• [Recorded information]:
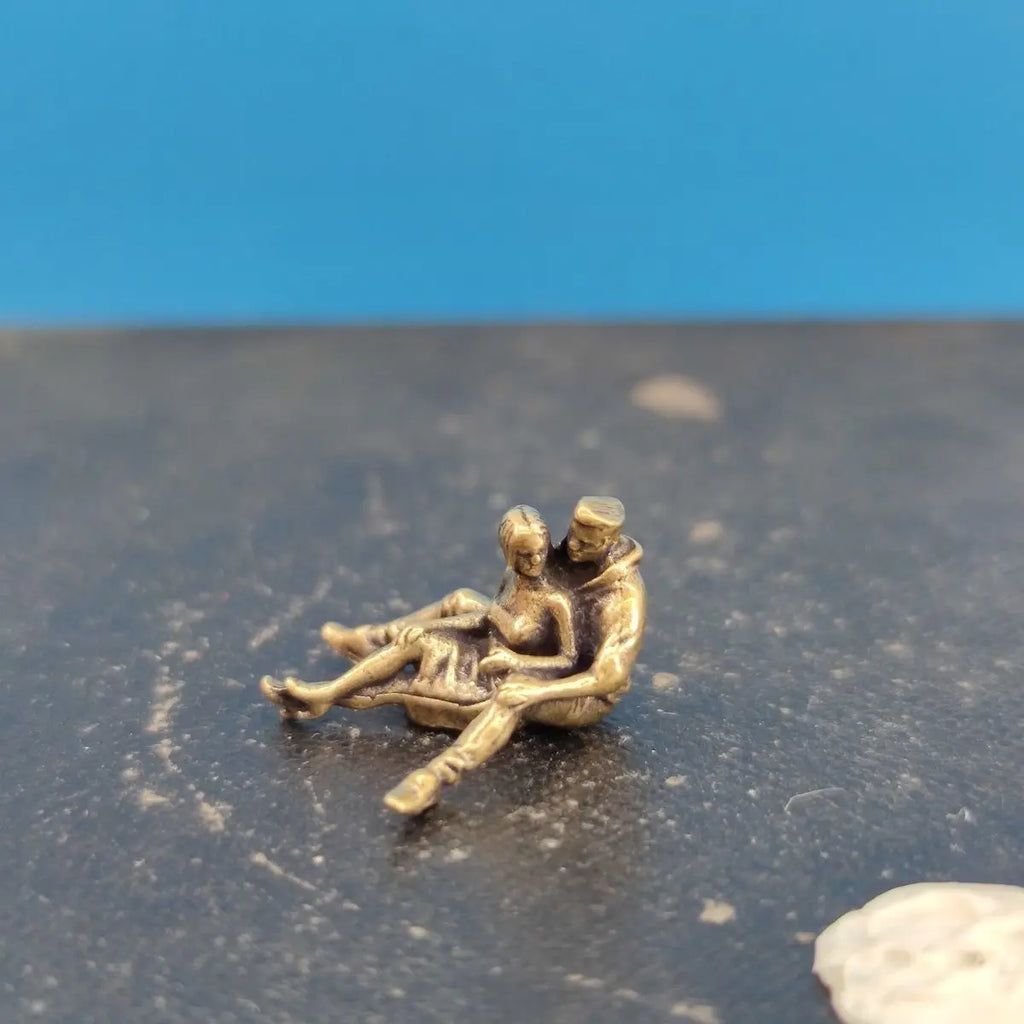 2.1cm Brass Embrace Couple Sculpture - Figurine for Macro Photography & Bookshelf Decor, Collectible Gift Miniature Ornament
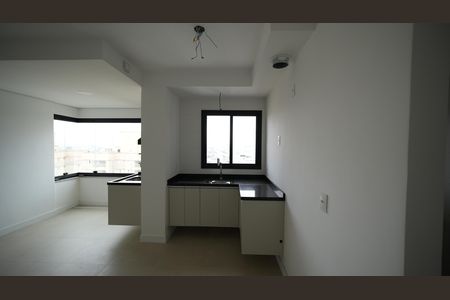 Apartamento para alugar com 79m², 2 quartos e 2 vagasCozinha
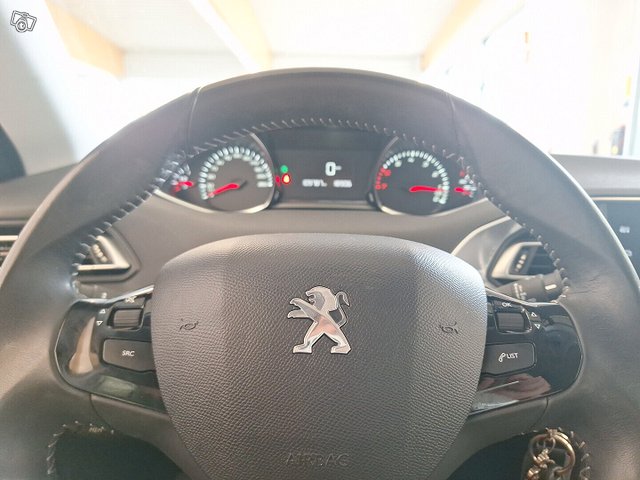 Peugeot 308 21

• [Task goal]: The material should be duplicated word for word, with no images included.

• [Answer space]:
 2.1cm Brass Embrace Couple Sculpture - Figurine for Macro Photography & Bookshelf Decor, Collectible Gift Miniature Ornament
 Apartamento para alugar com 79m², 2 quartos e 2 vagasCozinha
 Peugeot 308 21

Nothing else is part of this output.